__Work instruction__
Which lines below include the string "Photo"? Please show each one.

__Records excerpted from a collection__
***

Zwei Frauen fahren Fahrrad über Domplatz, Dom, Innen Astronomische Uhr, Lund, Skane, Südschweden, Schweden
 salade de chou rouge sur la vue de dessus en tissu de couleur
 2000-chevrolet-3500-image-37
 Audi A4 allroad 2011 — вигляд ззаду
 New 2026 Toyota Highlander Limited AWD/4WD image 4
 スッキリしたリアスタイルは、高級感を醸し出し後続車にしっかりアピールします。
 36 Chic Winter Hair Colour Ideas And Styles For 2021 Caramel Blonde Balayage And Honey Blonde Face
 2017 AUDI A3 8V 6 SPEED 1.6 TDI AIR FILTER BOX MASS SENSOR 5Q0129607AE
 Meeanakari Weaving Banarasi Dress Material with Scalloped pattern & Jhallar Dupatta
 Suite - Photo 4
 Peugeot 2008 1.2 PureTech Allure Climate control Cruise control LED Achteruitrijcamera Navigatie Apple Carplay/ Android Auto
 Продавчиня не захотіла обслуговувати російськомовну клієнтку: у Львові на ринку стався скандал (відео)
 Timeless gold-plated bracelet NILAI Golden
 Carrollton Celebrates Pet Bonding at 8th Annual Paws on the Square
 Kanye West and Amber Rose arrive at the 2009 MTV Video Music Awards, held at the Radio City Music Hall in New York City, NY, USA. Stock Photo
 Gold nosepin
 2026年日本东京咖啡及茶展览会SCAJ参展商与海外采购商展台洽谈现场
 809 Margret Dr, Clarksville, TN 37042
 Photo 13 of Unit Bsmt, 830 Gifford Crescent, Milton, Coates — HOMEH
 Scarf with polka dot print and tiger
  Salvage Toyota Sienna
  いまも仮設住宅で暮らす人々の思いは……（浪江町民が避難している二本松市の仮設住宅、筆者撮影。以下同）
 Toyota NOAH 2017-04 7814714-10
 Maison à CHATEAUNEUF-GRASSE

***

__Written solution__
 Suite - Photo 4
 Kanye West and Amber Rose arrive at the 2009 MTV Video Music Awards, held at the Radio City Music Hall in New York City, NY, USA. Stock Photo
 Photo 13 of Unit Bsmt, 830 Gifford Crescent, Milton, Coates — HOMEH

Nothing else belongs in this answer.